Something I've often found strange is the way in which some can argue a point at length and with passion, and at the same time ignore its simplest implications. For the last seven years, much has been said about the Bush administration's alleged shredding of the bill of rights, and I understand that some basis for this has existed in fact. If so, then the implication of this is that the office of the presidency has become far more powerful than the founding fathers ever intended, and dangerously so. Civil liberties are supposed to be a natural outgrowth of the system, not a gift to be granted or denied on the whim of any one man.
That having been said, what do we now see a large chunk of the democratic party ready and eager to do? Fast track somebody with a very limited political past into that dangerously enhanced office. The question for the would-be supporters is this: how much does one really ever know about somebody, until he has established a track record of performance? Without that, what does one have to go on? A platform? The discarding of those on attainment of office has been the stuff of bitter jokes longer than most of us have been alive. Some nice speeches? Good writers are easily hired. The fact that he's a passably good looking black man who can hold a crowd's attention?

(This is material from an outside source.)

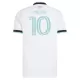 Maillot Inter Miami CF Messi 10 Homme Third 2026-27 Maillot Inter Miami CF Messi 10 Homme Third 2026-27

If that's all it takes, then maybe I should add a second question. Is this the presidency of the United States we're talking about, or the presidency of somebody's high school student council? Because if our standards of choice are something so superficial as how fashionably beddable a candidate is, I think our electorate might be taking that collective trip back to high school, and not even back to senior year at that, at a time when the stakes are a lot higher than those represented by the choice of next year's prom theme.
The usual overwrought and factually unsupported charges of racism may now begin.